While my heart soars at the prospect of being under Karloth’s tutelage, another part of me growls. Indignation swims through my veins like a swarm of eels. Rejected from my own house, even after bonding with Boeru. What the hell is this?
The part of me that despises my former home grows hotter.
Do we mean nothing to you?
Lordess Rayne looks me in the eyes like the decision to throw away her house’s only awakened in the last five years is trivial. Or is this Drydon character that special? To be worth the whole lot of us?

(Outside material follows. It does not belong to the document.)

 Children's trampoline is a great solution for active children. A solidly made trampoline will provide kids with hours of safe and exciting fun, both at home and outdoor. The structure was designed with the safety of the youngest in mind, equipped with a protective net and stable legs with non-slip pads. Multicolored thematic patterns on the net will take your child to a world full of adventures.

What’s worse, he’s a spy for Lacor. The scorned, beaten-down orphan in me wants to blurt out the truth just to wipe that grin off Rayne’s face, but I hold the cards close to my chest for now. I don’t know the lay of the land yet. Lacor may still very well be the just ones at the end of it.
Time will tell.
In the corner of my eye, Drydon tosses daggers that stop abruptly midair like steps leading way up the whip symbol banner. He then flips onto the first, using them as stepping stones while simultaneously calling them back into their sheaths. The bastard is a master of shadow magic. So damn fluid.
Once he’s at the ledge of the balcony, he re-dons his hood and falls in line with his new house.
Cheers from House Kavoh’s section of the balcony make it feel like they’re celebrating my rejection.
“Take your rightful place in House Sivus, Haledyn Winbridge. And welcome back, Jursento, Renesta.” Karloth smiles pleasantly at us, watching as we walk out of the center of the black stone chess board and onto the scale symbol. “I think you will not be disappointed. How your former lordess could let something so precious slip through her fingertips is beyond me.”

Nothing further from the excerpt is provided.